┌────────

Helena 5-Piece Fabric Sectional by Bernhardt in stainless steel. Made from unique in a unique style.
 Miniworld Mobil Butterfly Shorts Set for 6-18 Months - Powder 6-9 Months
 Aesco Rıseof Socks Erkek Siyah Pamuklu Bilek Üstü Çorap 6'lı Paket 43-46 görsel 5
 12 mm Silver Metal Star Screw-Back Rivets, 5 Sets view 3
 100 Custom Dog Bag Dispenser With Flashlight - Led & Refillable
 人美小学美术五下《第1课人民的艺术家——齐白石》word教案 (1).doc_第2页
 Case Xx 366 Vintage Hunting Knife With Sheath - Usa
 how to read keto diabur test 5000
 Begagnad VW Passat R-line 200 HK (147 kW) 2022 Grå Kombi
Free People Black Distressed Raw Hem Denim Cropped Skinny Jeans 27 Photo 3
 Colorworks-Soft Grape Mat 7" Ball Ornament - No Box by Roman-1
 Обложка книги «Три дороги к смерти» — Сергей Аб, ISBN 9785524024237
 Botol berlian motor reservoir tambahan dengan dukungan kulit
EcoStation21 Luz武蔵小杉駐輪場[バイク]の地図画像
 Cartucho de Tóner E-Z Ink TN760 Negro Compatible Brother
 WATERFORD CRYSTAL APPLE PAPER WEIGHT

└────────

**Task brief**
Set all the entries above down again exactly.

**Answer space**
Helena 5-Piece Fabric Sectional by Bernhardt in stainless steel. Made from unique in a unique style.
 Miniworld Mobil Butterfly Shorts Set for 6-18 Months - Powder 6-9 Months
 Aesco Rıseof Socks Erkek Siyah Pamuklu Bilek Üstü Çorap 6'lı Paket 43-46 görsel 5
 12 mm Silver Metal Star Screw-Back Rivets, 5 Sets view 3
 100 Custom Dog Bag Dispenser With Flashlight - Led & Refillable
 人美小学美术五下《第1课人民的艺术家——齐白石》word教案 (1).doc_第2页
 Case Xx 366 Vintage Hunting Knife With Sheath - Usa
 how to read keto diabur test 5000
 Begagnad VW Passat R-line 200 HK (147 kW) 2022 Grå Kombi
Free People Black Distressed Raw Hem Denim Cropped Skinny Jeans 27 Photo 3
 Colorworks-Soft Grape Mat 7" Ball Ornament - No Box by Roman-1
 Обложка книги «Три дороги к смерти» — Сергей Аб, ISBN 9785524024237
 Botol berlian motor reservoir tambahan dengan dukungan kulit
EcoStation21 Luz武蔵小杉駐輪場[バイク]の地図画像
 Cartucho de Tóner E-Z Ink TN760 Negro Compatible Brother
 WATERFORD CRYSTAL APPLE PAPER WEIGHT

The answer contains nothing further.